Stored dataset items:
= Beginning of Section =

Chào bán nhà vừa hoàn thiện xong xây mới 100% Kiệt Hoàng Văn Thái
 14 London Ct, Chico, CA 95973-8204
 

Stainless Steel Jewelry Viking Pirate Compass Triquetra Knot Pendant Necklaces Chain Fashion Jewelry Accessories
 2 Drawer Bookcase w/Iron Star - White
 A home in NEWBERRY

= End of Section =

THE TASK:
Write the data out again, verbatim.

EXERCISE SOLUTION:
Chào bán nhà vừa hoàn thiện xong xây mới 100% Kiệt Hoàng Văn Thái
 14 London Ct, Chico, CA 95973-8204
 

Stainless Steel Jewelry Viking Pirate Compass Triquetra Knot Pendant Necklaces Chain Fashion Jewelry Accessories
 2 Drawer Bookcase w/Iron Star - White
 A home in NEWBERRY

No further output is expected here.